Self-Satisfied: An end-to-end framework for SAT generation and prediction
This work addresses the scalability issue in applying machine learning to SAT problems, which is important for researchers and practitioners in computational complexity and AI, though it is incremental in advancing pure ML methods over hybrid approaches.
The paper tackles the challenge of scaling pure machine learning approaches to boolean satisfiability (SAT) problems by introducing hardware-accelerated generation, a geometric encoding for transformers, and head slicing to reduce sequence length, enabling handling of problems with thousands of variables and tens of thousands of clauses. It achieves prediction accuracies comparable to recent work on SAT Competition 2022 data but on problems an order of magnitude larger than previously demonstrated.
The boolean satisfiability (SAT) problem asks whether there exists an assignment of boolean values to the variables of an arbitrary boolean formula making the formula evaluate to True. It is well-known that all NP-problems can be coded as SAT problems and therefore SAT is important both practically and theoretically.
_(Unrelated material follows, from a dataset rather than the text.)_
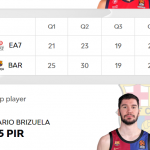 @EuroLeague 2024-2025 RS32 Barcelona y Madrid=Victoria, Baskonia=Derrota MVP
From both of these perspectives, better understanding the patterns and structure implicit in SAT data is of significant value. In this paper, we describe several advances that we believe will help open the door to such understanding: we introduce hardware accelerated algorithms for fast SAT problem generation, a geometric SAT encoding that enables the use of transformer architectures typically applied to vision tasks, and a simple yet effective technique we term head slicing for reducing sequence length representation inside transformer architectures. These advances allow us to scale our approach to SAT problems with thousands of variables and tens of thousands of clauses. We validate our architecture, termed Satisfiability Transformer (SaT), on the SAT prediction task with data from the SAT Competition (SATComp) 2022 problem sets. Prior related work either leveraged a pure machine learning approach, but could not handle SATComp-sized problems, or was hybrid in the sense of integrating a machine learning component in a standard SAT solving tool. Our pure machine learning approach achieves prediction accuracies comparable to recent work, but on problems that are an order of magnitude larger than previously demonstrated. A fundamental aspect of our work concerns the very nature of SAT data and its suitability for training machine learning models. We both describe experimental results that probe the landscape of where SAT data can be successfully used for learning and position these results within the broader context of complexity and learning.